We present ActuBench, a multi-agent LLM pipeline for the automated generation and evaluation of advanced actuarial assessment items aligned with the International Actuarial Association (IAA) Education Syllabus. The pipeline separates four LLM roles by adapter: one agent drafts items, one constructs distractors, a third independently verifies both stages and drives bounded one-shot repair loops, and a cost-optimized auxiliary agent handles Wikipedia-note summarization and topic labelling. The items, per-model responses and complete leaderboard are published as a browsable web interface at https://actubench.de/en/, allowing readers and practitioners to inspect individual items without a repository checkout. We evaluate 50 language models from eight providers on two complementary benchmarks -- 100 empirically hardest multiple-choice items and 100 open-ended items scored by an LLM judge -- and report three headline findings. First, multi-agent verification is load-bearing: the independent verifier flags a majority of drafted items on first pass, most of which the one-shot repair loop resolves.
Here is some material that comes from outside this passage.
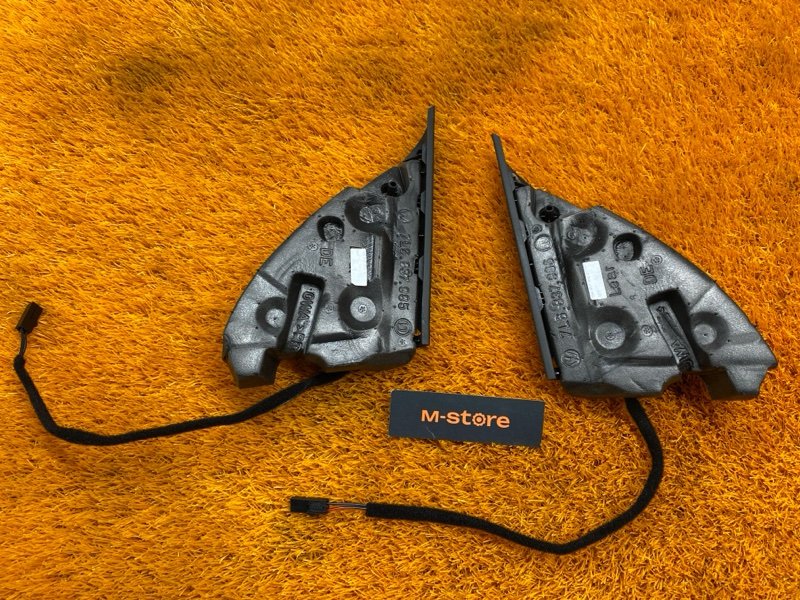 Динамик, 910 рублей, Красноярск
Second, locally-hosted open-weights inference sits on the cost-performance Pareto front: a Gemma~4 model running on consumer hardware and a Cerebras-hosted 120B open-weights model dominate the near-zero-cost region, with the latter within one item of the top of the leaderboard. Third, MCQ and LLM-as-Judge rankings differ meaningfully: the MCQ scaffold inflates the performance ceiling, and Judge-mode evaluation is needed to discriminate at the frontier.